Throughout the month of March, NBCBLK, NBCLatino, and NBC Asian America have partnered with the Ms. Foundation for Women for #31Days of Feminism to spotlight women of color who, through their actions and words, lead the way toward a more equal world.
Roxane Gay, Author of "Bad Feminist"
Roxane Gay is an award-winning and prolific author and essayist, most recently publishing the essay collection "Bad Feminist" (2014). She is the author of the short story collection "Ayiti" (2011), the novel "An Untamed State" (2014), and "Hunger" (forthcoming 2016). In addition to her regular contributions to Salon, her writing has appeared in McSweeney's, American Short Fiction, Virginia Quarterly Review, The Nation and The New York Times Book Review.

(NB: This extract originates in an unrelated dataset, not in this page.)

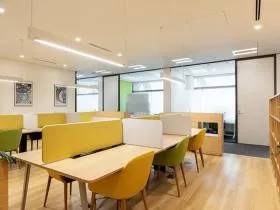 Regus(リージャス)池袋ビジネスセンターの外観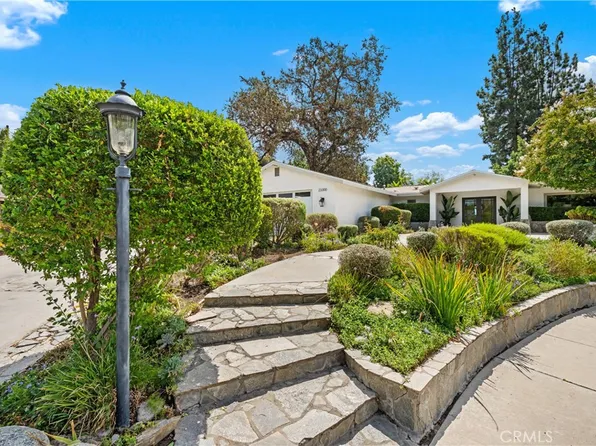 23300 Ostronic Dr, Woodland Hills, CA 91367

What do you love the most about the work you do?
I love all the people I get to meet and I love seeing that my words actually do reach readers and contribute, however modestly, to change and opening people's minds.
What is feminism to you?
Feminism is recognizing that there are stark inequalities between how women and men move through the world, inequalities that need to be addressed, urgently. Feminism is also recognizing that not all women are created equal. We have identities that factor into how we move through the world beyond gender, like race and ethnicity, class, ability, sexuality, religion, and more.
Can you pinpoint the moment when you decided to become a feminist? If you don't consider yourself a feminist, why not?
I have been a feminist in deed for most of my life. I began to claim the feminist label in my early 30s when I finally understood that to be called a feminist was not a bad thing.
What is the best way we can all be "feminists"?
We can acknowledge the necessity of feminism, its historical importance, and its flaws. We can make the fight for social justice a part of our lives in whatever ways we can.
Who are your "sheroes"?
My mom, certainly, is at the top of that list.
Favorite feminist anthem?
Even though it's a new song, I'm loving Beyoncé's "Formation" as an anthem.
Favorite feminist artist? (authors, singers, dancers, actors)
I don't know if these folks identify as feminist but I love Toni Morrison, Zadie Smith, Misty Copeland, Viola Davis, Beyoncé, Rihanna, and many more.